David Kirk finally admits weak DX9 vs DX8 performance - GeFX

g__day

Regular
http://www.guru3d.com/article/article/91/2

"Through a great talk given by Chief Technology Scientist, David Kirk, NVIDIA basically claims that if 16-bit precision is good enough for Pixar and Industrial Light and Magic, for use in their movie effects, it's good enough for NVIDIA. There's not much use for 32-bit precision PS 2.0 at this time due to limitations in fabrication and cost, and most notably, games don't require it all that often. The design trade-off is that they made the GeForce FX optimized for mostly FP16. It can do FP32, when needed, but it won't perform very well. Mr. Kirk showed a slide illustrating that with the GeForce FX architecture, its DX9 components have roughly half the processing power as its DX8 components (16Gflps as opposed to 32Gflops, respectively). I know I'm simplifying, but he did point it out, very carefully. "

* * *

Finally they state publically what the best sites have figured out over 8 months ago :) - only now its them finally stating this publically. I applaud them coming clean - even though David Kirk didn't reflect on how they launched NV FX series as the Dawn of 32 bit processing because 16 bit wasn't enough - and now they're publically saying it is not realistically available and no one does it...

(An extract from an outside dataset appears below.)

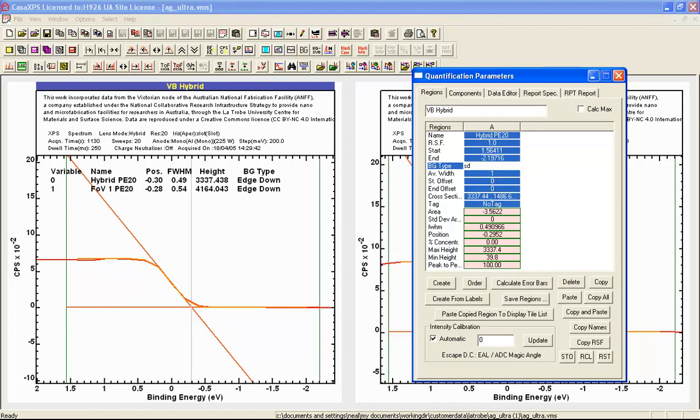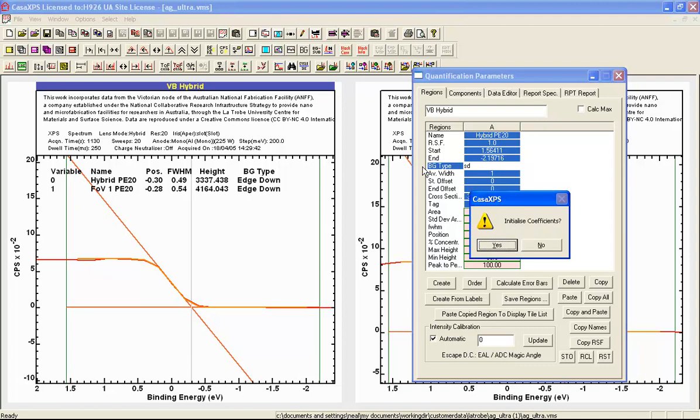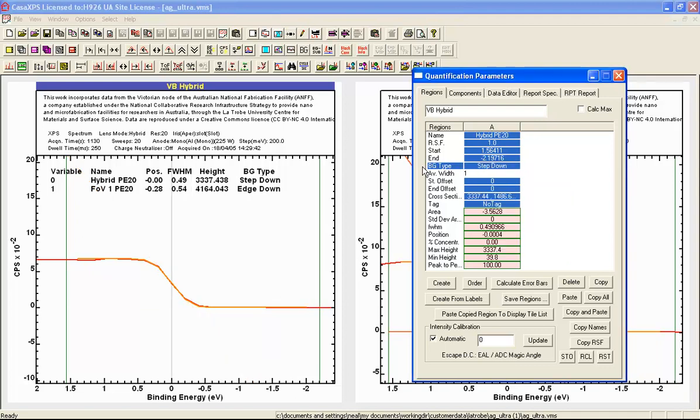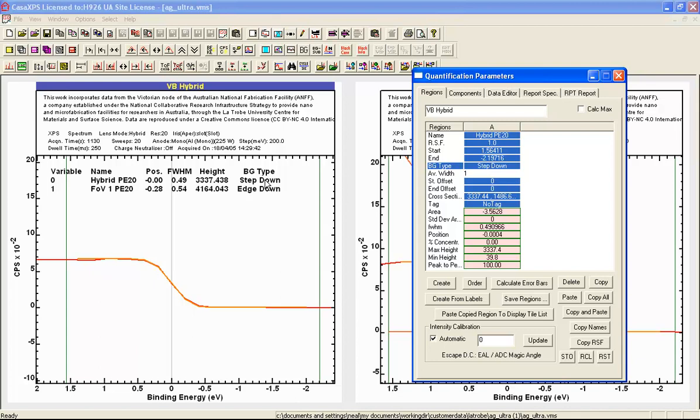And when I press return after entering SD for step down, and I don't need to initialize the coefficients because the same complementary error function is used for both edge down and step down, then rather than seeing the position as defined by the intersection of those two lines, we get the point of inflection or the maximum of the Gaussian that corresponds to this error function. So we can see now for this one, the position when I've got a background type of step down is then indicated by this point here, the point of inflection, very close to zero.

except ATi can do it (fp32) on 0.15 mircon technology for 9 out of 11 steps in their graphics pipeline Dave has informed us :).
 
As of 44.03, released some months ago, the NVIDIA drivers were re-architected such that the 3DMark03 'cheating' was taken care of. NVIDIA stated that the drivers, pre 44.03, simply realized that it didn't need to draw certain areas of the benchmark scene, and so it didn't. It wasn't a 3DMark03 specific optimization, just a general optimization that it would also do for other applications as well.

Ehhh... :rolleyes:

So their drivers "realize" that certain things did not need to be drawn ?
So it was "general" optimisation also in other applications... so people just did not find those then... sigh...

K-
 
It's not like the users said we must have fp32 rather Nvidia shouting it from the hilltops and it has severely backfired on them.
One has to wonder if they hadn't pushed so hard that it's a requirement for CineFX maybe DX9 spec would have been just FP16 - and so would R3x0 products too.
NV increased the stakes without having the products to back it up - unfortunately for them, ATI did.
 
Kristof said:
So their drivers "realize" that certain things did not need to be drawn ?
So it was "general" optimisation also in other applications... so people just did not find those then... sigh...
It was confirmed a while ago in DXDEV mailing list that some drivers compute AABBs of static vertex buffers, and perform frustum culling before drawing. At least they do this when fixed function VP is used, probably in some simpler cases of vertex shaders as well.
There were lengthy debates on this - because every well written game does culling on it's own, so the drivers perform needless job... But it helps enormously for non-cullings apps (and probably benchmarks).
 
Kristof said:
As of 44.03, released some months ago, the NVIDIA drivers were re-architected such that the 3DMark03 'cheating' was taken care of. NVIDIA stated that the drivers, pre 44.03, simply realized that it didn't need to draw certain areas of the benchmark scene, and so it didn't. It wasn't a 3DMark03 specific optimization, just a general optimization that it would also do for other applications as well.

Ehhh... :rolleyes:

So their drivers "realize" that certain things did not need to be drawn ?
So it was "general" optimisation also in other applications... so people just did not find those then... sigh...

K-

If Nvidia drivers were clever enough to not draw certain areas of the benchmark when these areas were not seen, why then did the drivers continue not to draw these areas when the camera was taken off it's fixed path - one of the normal modes of the application?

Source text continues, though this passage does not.